Alastair Craw

I am a Professor of Mathematics in the Department of Mathematical Sciences at the University of Bath.

After completing my PhD at the University of Warwick in 2001 under the supervision of Miles Reid, I was appointed as a Wylie Instructor at the University of Utah and later as a Simons Instructor at the University of Stony Brook. In 2006 I returned to the UK as a lecturer at the University of Glasgow, and I moved to the University of Bath in 2013.

  • E-mail: a dot craw at bath dot ac dot uk
  • Office: Building 4W, room 3.49
  • Phone: +44 (0) 1225 385327

  • Address:
    Department of Mathematical Sciences,
    University of Bath,
    Claverton Down,
    Bath BA2 7AY,
    United Kingdom.

Research in Mathematics: My research establishes links between algebraic geometry and representation theory using techniques from geometric invariant theory, toric geometry, quiver representations, noncommutative algebras and derived categories.

My research is supported by a Research Project Grant (2021-25) from The Leverhulme Trust.

The Bath Geometry Seminar. I am one of the organisers of the COW seminar.

On chronic fatigue and proprioception dysfunction: In October 2014 I fell ill with ME/CFS, also known as chronic fatigue syndrome or post-viral fatigue. I learned a lot over the next fourteen months of frustration, experimentation, online research and recovery, and I recorded what I discovered here.
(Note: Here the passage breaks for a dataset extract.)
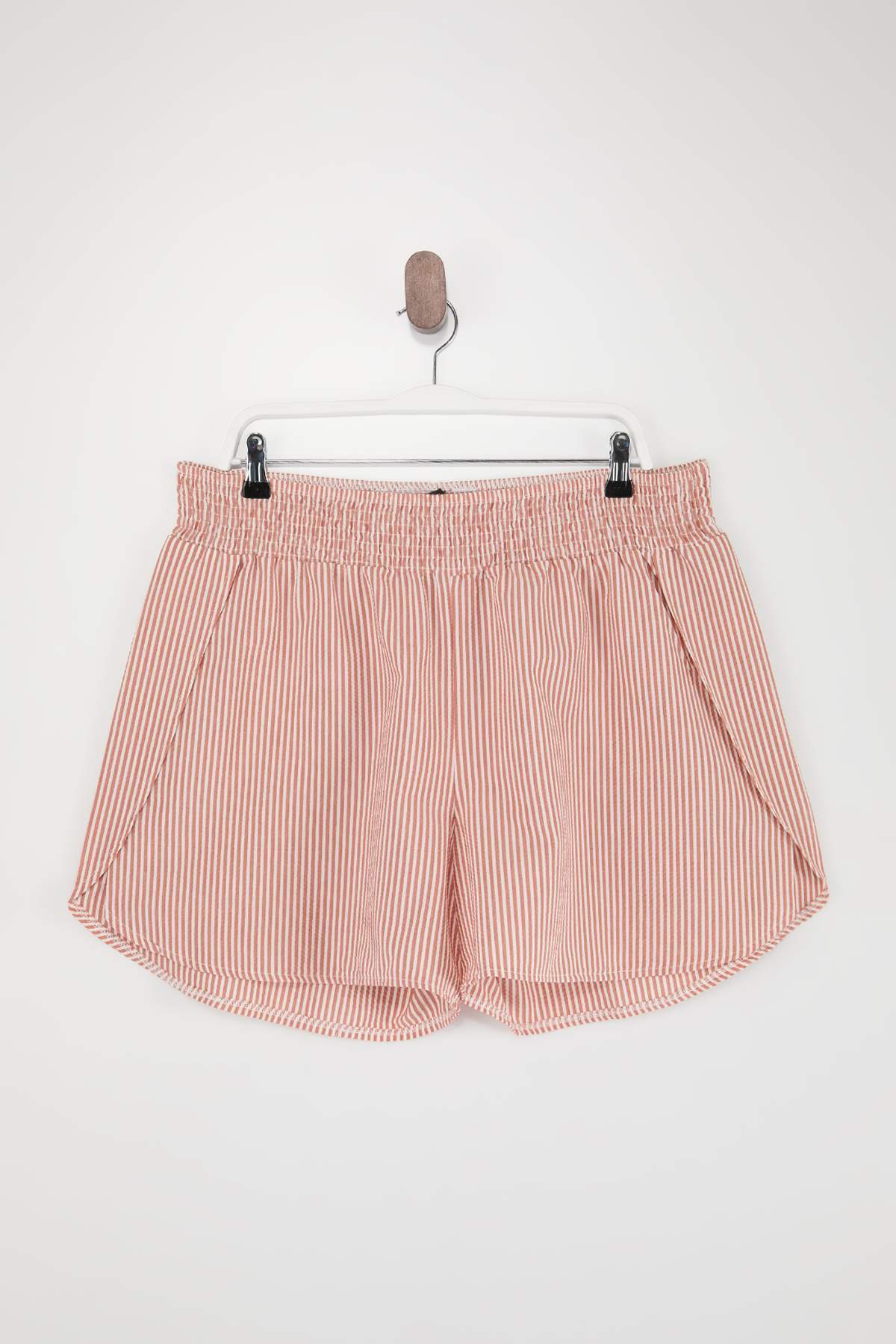 Trendyolmilla  Plaj Giyim Somon Çizgili Gofre Dokulu Kumaş Büyük Beden Plaj Şortu TBBSS26AP00007 - Görsel 4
A bad relapse in June 2017 and my failure to recover despite implementing what I'd learned in 2014-15 put me in a wheelchair or in bed for the better part of a year. In April 2018 I was diagnosed and treated for Proprioception Dysfunction Syndrome (PDS) by Professor Orlando Alves da Silva. My rapid recovery is described in the following unpublished note:

Orlando's work demonstrates that diagnosing and treating patients for Proprioception Dysfunction Syndrome may enable even patients who are severely ill with chronic fatigue to recover rapidly to regain their pre-disease quality of life. There is no suggestion this will work for everyone; more research should be carried out to discover which patients are most likely to benefit from this approach.